[Collected data entries]
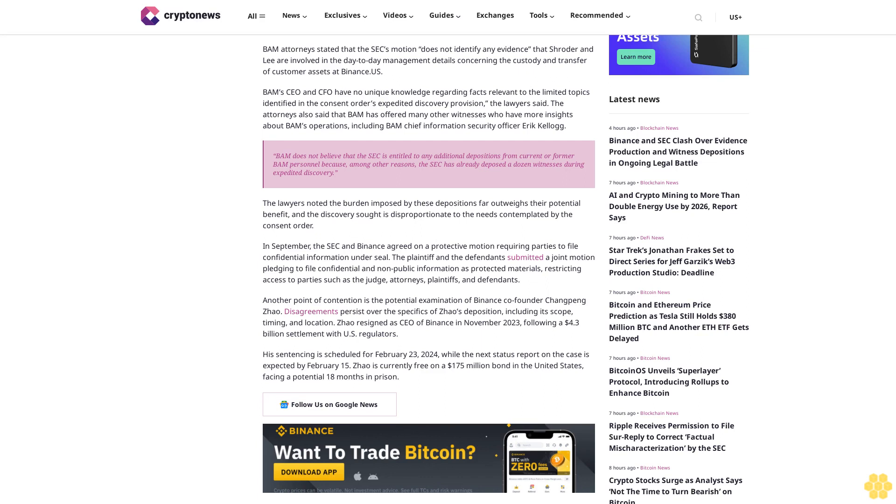In September, the SEC and Binance agreed on a protective motion requiring parties to file confidential information under seal. The plaintiff and defendants submitted a joint motion pledging to file confidential and non-public information as protected materials, restricting access to parties such as the judge, attorneys, plaintiffs, and defendants.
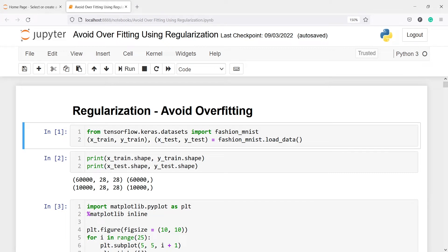In this video, you will learn how to avoid overfitting using regularization. There are two types of regularization techniques: weight regularization and dropout. Overfitting is when the model performs better on training data but performs poorly on test data or unseen data. Overfitting is a problem because a model which is overfit will not generalize well on new or unseen data.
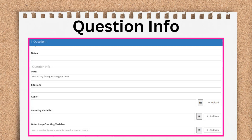Under this is the Counting Variable and Outer Loop Counting Variable fields. These are only used when you're creating a repeat loop or a nested repeat loop. Repeat loops will be covered in video 6 of this section.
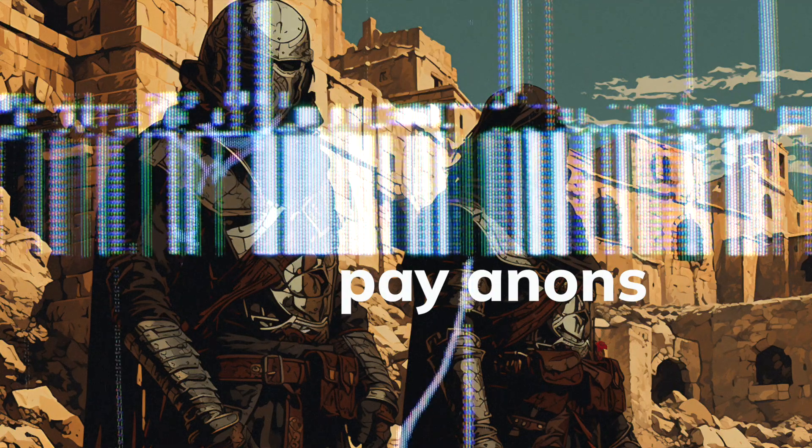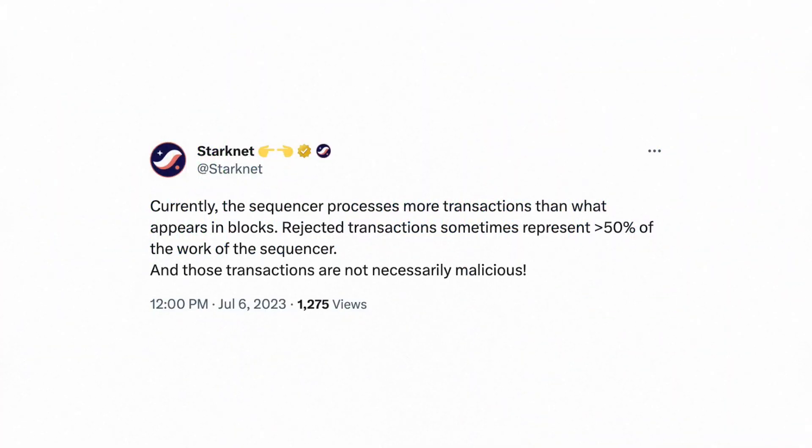Don't worry, Anons. v0.12.1, the next stage of the quantum leap upgrade, will charge a fee on rejected transactions. This will deter anyone who wishes to disrupt the network or has been sloppy in their submission. At first, the inclusion of failed transactions will operate on a trusted basis, meaning they will not be proved. However, in version 0.15, Starknet will introduce the ability to prove failed transactions, transitioning the process to a trustless framework. This means failed transactions will be part of the state, proved and verified on layer one. To quote Starknet's recent tweet, rejected transactions sometimes represent more than 50% of the work of the sequencer — and those transactions are not necessarily malicious. With that next upgrade, planned to be deployed on mainnet in three weeks, will come an even better user experience.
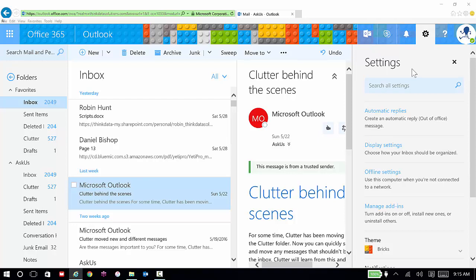Here you have your settings window, your ability to search for settings, and then some common settings like automatic replies, display settings, and also themes, which is how mine looks like Legos today.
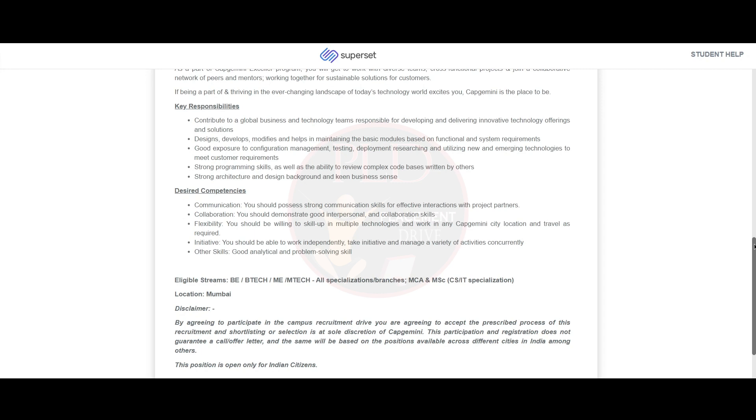You should have good exposure to configuration management, testing, deployment, and researching and utilizing new and emerging technologies to meet customer requirements.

## To do
Leave the pictures out and output all of the data verbatim.

## Worked solution
In September, the SEC and Binance agreed on a protective motion requiring parties to file confidential information under seal. The plaintiff and defendants submitted a joint motion pledging to file confidential and non-public information as protected materials, restricting access to parties such as the judge, attorneys, plaintiffs, and defendants.
In this video, you will learn how to avoid overfitting using regularization. There are two types of regularization techniques: weight regularization and dropout. Overfitting is when the model performs better on training data but performs poorly on test data or unseen data. Overfitting is a problem because a model which is overfit will not generalize well on new or unseen data.
Under this is the Counting Variable and Outer Loop Counting Variable fields. These are only used when you're creating a repeat loop or a nested repeat loop. Repeat loops will be covered in video 6 of this section.
Don't worry, Anons. v0.12.1, the next stage of the quantum leap upgrade, will charge a fee on rejected transactions. This will deter anyone who wishes to disrupt the network or has been sloppy in their submission. At first, the inclusion of failed transactions will operate on a trusted basis, meaning they will not be proved. However, in version 0.15, Starknet will introduce the ability to prove failed transactions, transitioning the process to a trustless framework. This means failed transactions will be part of the state, proved and verified on layer one. To quote Starknet's recent tweet, rejected transactions sometimes represent more than 50% of the work of the sequencer — and those transactions are not necessarily malicious. With that next upgrade, planned to be deployed on mainnet in three weeks, will come an even better user experience.
Here you have your settings window, your ability to search for settings, and then some common settings like automatic replies, display settings, and also themes, which is how mine looks like Legos today.
You should have good exposure to configuration management, testing, deployment, and researching and utilizing new and emerging technologies to meet customer requirements.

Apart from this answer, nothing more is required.